§ **Exercise directions**:
Report each line of the listing that carries the word "MIDI".

§ **Records for the task**:

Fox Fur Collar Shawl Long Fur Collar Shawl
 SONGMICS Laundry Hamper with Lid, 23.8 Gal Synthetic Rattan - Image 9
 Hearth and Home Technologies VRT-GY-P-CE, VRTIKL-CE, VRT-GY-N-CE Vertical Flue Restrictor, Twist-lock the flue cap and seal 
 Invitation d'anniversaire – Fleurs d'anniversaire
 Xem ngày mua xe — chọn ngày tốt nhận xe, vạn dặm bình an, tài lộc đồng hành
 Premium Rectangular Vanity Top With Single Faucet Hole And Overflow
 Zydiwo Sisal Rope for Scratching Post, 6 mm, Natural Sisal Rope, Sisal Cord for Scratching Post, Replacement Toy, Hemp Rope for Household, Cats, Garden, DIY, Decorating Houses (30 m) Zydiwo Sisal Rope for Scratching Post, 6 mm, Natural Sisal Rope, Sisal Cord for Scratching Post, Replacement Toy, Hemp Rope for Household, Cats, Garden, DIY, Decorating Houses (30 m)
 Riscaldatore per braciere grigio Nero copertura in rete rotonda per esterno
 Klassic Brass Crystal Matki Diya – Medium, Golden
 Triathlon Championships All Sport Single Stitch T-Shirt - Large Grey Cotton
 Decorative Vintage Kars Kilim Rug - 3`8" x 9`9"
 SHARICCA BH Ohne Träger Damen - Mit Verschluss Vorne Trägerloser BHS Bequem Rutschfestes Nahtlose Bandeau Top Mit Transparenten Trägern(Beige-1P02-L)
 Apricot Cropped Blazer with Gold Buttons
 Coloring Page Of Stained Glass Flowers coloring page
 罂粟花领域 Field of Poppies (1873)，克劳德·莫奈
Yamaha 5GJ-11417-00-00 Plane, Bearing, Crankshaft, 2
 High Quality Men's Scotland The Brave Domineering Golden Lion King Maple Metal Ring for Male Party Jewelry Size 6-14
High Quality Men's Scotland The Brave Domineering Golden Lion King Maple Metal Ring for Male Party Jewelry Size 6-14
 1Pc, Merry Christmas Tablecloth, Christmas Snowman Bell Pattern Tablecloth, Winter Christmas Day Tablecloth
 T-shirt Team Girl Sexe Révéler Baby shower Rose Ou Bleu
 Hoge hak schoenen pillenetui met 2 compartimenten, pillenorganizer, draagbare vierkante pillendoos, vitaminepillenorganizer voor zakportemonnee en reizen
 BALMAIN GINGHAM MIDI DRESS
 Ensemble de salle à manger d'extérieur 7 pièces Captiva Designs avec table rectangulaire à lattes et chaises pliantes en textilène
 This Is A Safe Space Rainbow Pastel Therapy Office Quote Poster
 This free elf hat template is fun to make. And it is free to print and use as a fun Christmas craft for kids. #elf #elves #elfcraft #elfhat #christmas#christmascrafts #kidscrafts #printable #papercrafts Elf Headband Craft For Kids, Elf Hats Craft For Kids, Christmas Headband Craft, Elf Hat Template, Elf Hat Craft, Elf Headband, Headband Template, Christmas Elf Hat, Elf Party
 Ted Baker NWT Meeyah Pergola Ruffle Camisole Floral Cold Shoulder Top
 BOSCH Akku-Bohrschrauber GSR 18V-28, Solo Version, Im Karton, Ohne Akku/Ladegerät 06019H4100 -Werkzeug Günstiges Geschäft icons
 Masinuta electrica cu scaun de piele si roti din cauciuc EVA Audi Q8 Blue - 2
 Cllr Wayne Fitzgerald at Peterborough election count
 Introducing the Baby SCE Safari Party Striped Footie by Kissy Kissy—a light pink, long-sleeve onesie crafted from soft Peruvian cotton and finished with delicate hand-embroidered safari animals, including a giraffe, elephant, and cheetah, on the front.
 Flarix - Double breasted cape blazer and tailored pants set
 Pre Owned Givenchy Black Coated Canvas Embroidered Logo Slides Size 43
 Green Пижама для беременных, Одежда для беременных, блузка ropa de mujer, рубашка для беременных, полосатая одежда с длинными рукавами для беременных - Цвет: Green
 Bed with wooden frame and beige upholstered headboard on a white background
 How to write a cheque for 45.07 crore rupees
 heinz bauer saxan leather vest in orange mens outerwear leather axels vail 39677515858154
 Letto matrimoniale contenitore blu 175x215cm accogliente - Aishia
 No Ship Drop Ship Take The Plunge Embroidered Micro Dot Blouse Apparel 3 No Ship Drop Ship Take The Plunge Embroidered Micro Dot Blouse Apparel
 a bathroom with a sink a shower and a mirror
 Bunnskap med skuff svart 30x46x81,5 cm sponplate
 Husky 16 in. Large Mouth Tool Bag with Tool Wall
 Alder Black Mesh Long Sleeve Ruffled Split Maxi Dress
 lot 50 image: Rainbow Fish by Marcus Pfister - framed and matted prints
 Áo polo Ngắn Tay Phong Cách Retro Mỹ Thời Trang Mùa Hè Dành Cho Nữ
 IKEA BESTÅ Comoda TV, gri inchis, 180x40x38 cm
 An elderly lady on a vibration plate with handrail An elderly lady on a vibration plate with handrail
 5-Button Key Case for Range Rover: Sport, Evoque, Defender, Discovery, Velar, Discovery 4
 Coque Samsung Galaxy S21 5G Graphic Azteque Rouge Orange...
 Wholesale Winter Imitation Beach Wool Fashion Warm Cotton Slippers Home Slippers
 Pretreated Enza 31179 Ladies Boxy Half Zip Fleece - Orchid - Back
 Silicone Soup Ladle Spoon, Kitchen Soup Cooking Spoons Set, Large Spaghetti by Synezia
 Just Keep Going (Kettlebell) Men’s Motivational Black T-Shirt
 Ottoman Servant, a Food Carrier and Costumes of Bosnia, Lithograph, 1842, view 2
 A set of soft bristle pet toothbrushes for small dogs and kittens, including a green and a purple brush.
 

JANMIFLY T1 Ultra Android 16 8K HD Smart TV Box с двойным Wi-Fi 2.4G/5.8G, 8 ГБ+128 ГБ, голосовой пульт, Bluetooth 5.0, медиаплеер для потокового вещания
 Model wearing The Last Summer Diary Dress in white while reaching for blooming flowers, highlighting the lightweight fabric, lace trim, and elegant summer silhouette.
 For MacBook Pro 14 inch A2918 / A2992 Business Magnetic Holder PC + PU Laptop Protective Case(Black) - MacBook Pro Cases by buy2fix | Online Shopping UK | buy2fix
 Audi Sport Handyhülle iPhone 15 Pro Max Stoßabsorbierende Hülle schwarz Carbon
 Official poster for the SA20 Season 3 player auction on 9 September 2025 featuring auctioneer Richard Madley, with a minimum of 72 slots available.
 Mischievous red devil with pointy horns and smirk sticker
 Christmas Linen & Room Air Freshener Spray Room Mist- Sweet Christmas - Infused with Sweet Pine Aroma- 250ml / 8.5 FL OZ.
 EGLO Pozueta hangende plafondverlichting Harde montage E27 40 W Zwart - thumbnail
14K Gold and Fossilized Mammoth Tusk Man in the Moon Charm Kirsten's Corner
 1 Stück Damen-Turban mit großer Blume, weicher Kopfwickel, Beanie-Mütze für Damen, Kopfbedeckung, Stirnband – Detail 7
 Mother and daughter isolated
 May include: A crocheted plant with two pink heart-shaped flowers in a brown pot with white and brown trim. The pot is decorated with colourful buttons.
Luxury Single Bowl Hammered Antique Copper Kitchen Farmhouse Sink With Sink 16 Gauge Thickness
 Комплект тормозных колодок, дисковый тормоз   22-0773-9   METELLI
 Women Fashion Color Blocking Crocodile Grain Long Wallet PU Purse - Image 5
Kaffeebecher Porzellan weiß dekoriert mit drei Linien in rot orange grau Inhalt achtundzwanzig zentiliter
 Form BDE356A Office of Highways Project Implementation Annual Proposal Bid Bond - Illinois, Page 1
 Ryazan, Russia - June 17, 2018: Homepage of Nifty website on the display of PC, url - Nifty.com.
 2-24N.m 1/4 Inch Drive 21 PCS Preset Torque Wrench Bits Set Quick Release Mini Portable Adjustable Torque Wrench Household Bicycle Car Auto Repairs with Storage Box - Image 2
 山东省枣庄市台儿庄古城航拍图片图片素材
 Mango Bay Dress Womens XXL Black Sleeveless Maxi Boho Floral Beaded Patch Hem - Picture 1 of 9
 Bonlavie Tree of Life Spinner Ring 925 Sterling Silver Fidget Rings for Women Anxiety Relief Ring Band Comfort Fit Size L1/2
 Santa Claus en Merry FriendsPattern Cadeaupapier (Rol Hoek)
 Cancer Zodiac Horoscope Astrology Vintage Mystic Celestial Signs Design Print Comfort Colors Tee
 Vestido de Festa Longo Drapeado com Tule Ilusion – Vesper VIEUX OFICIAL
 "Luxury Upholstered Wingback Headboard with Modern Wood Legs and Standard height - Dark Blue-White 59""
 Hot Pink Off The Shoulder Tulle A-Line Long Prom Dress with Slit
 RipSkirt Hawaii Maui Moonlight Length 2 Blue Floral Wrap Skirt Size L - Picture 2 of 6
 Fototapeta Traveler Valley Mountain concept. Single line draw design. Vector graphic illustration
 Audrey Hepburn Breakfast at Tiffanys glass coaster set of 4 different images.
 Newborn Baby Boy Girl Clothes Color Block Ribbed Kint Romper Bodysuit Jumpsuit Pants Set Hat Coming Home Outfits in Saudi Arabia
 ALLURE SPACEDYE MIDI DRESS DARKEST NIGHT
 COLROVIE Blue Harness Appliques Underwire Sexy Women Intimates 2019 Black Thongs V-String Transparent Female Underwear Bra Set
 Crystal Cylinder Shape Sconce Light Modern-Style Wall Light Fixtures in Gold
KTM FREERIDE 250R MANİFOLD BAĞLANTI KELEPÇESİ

§ **Solution below**:
 BALMAIN GINGHAM MIDI DRESS
 ALLURE SPACEDYE MIDI DRESS DARKEST NIGHT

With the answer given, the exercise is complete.